_WHAT YOU HAVE TO DO_. For this exercise, reproduce the entries below exactly, but only from the line containing "2 шт SN74LVC125apwr" through the line containing "Who's going to tell 'em? 😉", both included.

_DATASET RECORDS_.

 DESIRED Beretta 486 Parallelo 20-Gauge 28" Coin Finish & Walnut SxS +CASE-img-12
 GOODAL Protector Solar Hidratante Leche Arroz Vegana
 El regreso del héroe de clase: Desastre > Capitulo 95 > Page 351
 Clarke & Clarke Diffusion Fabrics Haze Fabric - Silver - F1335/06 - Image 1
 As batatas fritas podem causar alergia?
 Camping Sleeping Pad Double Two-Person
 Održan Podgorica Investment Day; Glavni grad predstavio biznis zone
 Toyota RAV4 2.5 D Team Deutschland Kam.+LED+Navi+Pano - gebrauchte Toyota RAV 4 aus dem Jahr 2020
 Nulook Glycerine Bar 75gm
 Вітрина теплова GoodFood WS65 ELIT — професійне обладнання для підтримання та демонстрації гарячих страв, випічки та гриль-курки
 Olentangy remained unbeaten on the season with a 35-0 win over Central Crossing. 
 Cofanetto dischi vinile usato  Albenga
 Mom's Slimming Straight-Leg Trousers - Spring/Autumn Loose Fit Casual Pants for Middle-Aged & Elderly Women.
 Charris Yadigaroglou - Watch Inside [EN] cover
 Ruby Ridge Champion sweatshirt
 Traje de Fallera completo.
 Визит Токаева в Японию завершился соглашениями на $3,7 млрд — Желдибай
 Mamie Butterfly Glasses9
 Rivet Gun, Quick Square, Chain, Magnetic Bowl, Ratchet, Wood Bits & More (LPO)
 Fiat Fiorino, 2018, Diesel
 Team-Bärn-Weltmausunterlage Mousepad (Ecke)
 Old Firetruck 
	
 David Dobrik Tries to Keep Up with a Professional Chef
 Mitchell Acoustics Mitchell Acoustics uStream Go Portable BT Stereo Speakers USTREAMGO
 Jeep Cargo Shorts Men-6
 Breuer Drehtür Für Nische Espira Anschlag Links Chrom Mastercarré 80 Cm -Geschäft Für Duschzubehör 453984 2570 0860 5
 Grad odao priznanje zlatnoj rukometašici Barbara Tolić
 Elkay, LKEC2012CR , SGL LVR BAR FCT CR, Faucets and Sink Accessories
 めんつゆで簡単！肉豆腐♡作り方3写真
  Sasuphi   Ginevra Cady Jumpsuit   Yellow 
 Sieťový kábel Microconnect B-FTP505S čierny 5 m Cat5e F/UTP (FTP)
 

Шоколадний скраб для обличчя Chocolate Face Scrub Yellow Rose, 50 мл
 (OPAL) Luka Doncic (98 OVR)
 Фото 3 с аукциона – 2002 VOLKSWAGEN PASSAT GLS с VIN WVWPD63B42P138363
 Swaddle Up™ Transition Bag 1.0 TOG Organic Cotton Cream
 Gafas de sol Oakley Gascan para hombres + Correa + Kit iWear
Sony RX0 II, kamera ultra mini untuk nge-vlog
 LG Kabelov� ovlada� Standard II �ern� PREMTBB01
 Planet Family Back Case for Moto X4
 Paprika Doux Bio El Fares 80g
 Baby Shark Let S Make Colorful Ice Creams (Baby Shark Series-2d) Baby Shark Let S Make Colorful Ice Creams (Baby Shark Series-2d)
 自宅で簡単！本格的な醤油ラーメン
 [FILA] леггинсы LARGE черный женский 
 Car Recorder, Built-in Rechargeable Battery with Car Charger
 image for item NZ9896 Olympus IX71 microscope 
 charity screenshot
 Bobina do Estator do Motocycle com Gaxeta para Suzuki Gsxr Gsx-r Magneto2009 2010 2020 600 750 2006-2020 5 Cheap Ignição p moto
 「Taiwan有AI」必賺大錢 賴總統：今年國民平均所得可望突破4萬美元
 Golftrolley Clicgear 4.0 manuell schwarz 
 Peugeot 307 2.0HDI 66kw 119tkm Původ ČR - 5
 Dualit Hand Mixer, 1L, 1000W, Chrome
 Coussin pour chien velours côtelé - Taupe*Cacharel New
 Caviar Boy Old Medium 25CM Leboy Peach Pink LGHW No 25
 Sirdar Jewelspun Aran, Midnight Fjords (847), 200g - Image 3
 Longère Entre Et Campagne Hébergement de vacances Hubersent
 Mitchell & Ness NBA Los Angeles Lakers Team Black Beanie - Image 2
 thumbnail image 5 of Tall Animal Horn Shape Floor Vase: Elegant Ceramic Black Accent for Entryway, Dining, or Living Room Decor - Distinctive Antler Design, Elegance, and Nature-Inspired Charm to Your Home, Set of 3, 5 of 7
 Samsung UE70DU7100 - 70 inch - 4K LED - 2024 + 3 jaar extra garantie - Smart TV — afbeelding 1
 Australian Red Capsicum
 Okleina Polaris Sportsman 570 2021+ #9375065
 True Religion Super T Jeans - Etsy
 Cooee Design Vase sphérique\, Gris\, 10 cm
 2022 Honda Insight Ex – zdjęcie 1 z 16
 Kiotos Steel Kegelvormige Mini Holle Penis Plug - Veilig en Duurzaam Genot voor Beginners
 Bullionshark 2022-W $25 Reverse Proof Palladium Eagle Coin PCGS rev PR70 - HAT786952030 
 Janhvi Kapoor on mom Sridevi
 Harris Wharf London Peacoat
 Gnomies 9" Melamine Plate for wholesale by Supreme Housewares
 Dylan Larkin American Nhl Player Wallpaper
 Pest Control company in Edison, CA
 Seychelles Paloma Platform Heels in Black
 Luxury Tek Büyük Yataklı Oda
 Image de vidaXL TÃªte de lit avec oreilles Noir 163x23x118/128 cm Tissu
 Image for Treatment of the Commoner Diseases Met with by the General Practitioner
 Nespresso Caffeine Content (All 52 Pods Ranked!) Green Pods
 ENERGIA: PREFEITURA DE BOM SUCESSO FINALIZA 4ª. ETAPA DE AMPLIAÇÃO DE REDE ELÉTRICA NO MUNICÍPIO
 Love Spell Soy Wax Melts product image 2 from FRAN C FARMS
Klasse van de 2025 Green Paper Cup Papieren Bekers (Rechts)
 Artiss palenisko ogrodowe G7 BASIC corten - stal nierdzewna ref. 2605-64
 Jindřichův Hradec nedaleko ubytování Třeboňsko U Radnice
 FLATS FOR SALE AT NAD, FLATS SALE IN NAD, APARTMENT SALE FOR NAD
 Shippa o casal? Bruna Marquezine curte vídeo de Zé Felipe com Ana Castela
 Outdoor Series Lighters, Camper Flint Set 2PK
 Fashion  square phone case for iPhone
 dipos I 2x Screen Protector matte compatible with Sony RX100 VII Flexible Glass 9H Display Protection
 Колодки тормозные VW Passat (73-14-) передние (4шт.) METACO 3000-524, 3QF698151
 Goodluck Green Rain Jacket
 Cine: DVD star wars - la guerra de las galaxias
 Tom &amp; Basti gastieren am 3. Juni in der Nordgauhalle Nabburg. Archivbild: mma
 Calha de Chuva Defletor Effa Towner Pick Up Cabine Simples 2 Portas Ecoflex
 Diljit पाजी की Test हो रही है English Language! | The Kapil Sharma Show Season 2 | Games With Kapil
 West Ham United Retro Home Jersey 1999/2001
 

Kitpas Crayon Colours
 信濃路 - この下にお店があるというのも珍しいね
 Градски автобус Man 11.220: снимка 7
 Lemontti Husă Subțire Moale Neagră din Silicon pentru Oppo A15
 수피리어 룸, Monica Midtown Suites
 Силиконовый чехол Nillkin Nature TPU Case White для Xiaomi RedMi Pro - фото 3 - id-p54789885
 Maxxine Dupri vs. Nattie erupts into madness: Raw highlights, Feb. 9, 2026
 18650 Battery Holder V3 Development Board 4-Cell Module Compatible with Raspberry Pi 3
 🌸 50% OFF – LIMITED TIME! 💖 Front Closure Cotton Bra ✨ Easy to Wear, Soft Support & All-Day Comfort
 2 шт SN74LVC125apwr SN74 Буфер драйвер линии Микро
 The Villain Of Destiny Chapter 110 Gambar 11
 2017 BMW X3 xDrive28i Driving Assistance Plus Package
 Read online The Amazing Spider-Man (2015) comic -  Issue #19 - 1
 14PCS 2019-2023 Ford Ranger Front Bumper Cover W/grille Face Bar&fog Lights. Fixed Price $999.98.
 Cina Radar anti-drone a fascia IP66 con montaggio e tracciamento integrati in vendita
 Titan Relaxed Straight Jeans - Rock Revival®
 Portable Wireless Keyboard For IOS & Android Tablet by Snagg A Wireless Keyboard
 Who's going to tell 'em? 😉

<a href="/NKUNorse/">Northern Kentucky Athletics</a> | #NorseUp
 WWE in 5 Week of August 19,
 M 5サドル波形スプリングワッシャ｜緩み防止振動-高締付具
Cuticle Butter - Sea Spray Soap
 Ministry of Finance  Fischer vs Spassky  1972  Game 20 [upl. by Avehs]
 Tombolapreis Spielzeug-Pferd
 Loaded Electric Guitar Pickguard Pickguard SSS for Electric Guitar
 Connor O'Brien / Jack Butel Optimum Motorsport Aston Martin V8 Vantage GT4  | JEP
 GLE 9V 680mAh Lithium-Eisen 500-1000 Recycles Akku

_RESULT FOR THIS TASK_.
 2 шт SN74LVC125apwr SN74 Буфер драйвер линии Микро
 The Villain Of Destiny Chapter 110 Gambar 11
 2017 BMW X3 xDrive28i Driving Assistance Plus Package
 Read online The Amazing Spider-Man (2015) comic -  Issue #19 - 1
 14PCS 2019-2023 Ford Ranger Front Bumper Cover W/grille Face Bar&fog Lights. Fixed Price $999.98.
 Cina Radar anti-drone a fascia IP66 con montaggio e tracciamento integrati in vendita
 Titan Relaxed Straight Jeans - Rock Revival®
 Portable Wireless Keyboard For IOS & Android Tablet by Snagg A Wireless Keyboard
 Who's going to tell 'em? 😉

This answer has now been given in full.